By Aaron Humes: Like much of Belizean life, education was severely impacted by the COVID-19 pandemic. Schools were suspended on March 20 and never re-opened, as students turned to online and distance learning. The Primary School Examination (PSE) was not held for the first time in its history, and scaled back versions of the Caribbean Secondary Education Certificate (CSEC) and Caribbean Advanced Proficiency Examination (CAPE) were held in July and August. Starting in January, students taking these examinations will be able to attend limited in-person classes, though this is subject to review.
In the area of trade unions and civil society, the National Trade Union Congress of Belize (NTUCB) flexed its muscle earlier in the year with a protest march and call to political and social reform.
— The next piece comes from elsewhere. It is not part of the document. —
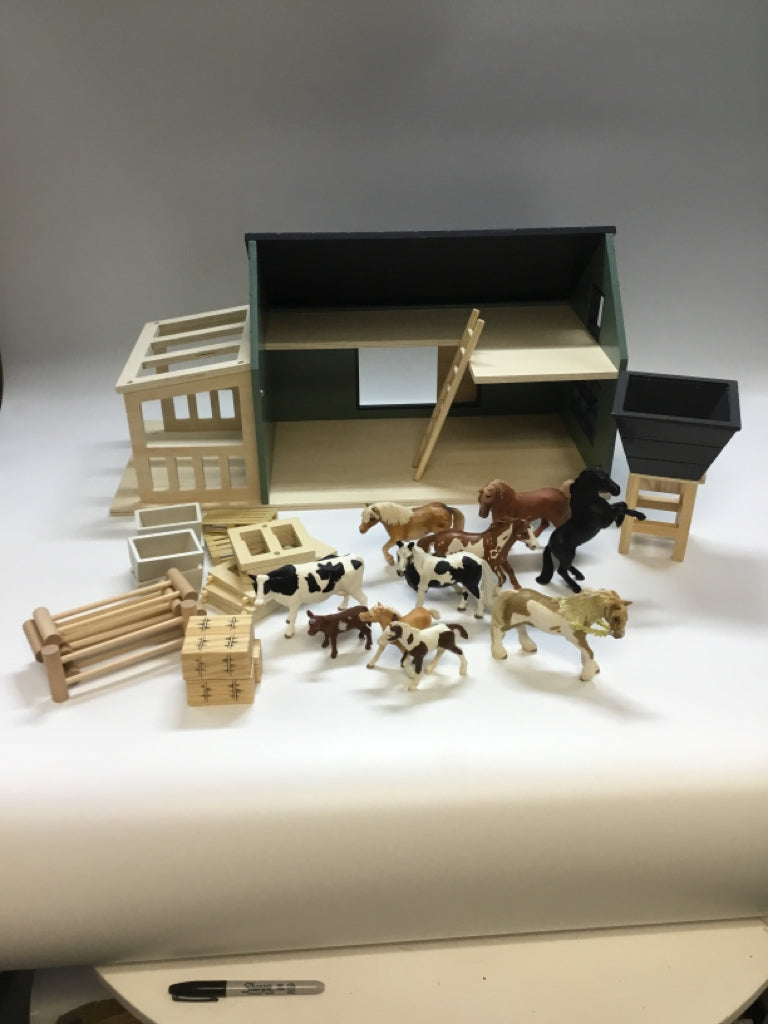 CoCo Villiage Wooden Farm & Accessories Set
Later, it threw its support behind the Christian Workers’ Union (CWU) led by “Mose” Hyde, as stevedores and office workers at the Port of Belize faced down their employers.
The National Student Union of Belize (NSUB) and University of Belize Faculty and Staff Union (UBFSU) both joined the trade union movement as well.
And a quick word here on the volatile weather, which saw one hurricane (Nana, in September) and other systems impact our shores, mostly with rainfall. The arrivals of Hurricanes Eta and Iota in November brought inundating floods to much of the country, costing hundreds of millions (estimated) in dollars of damage.
The season was the most active on record with a record number of named storms, hurricanes and major hurricanes.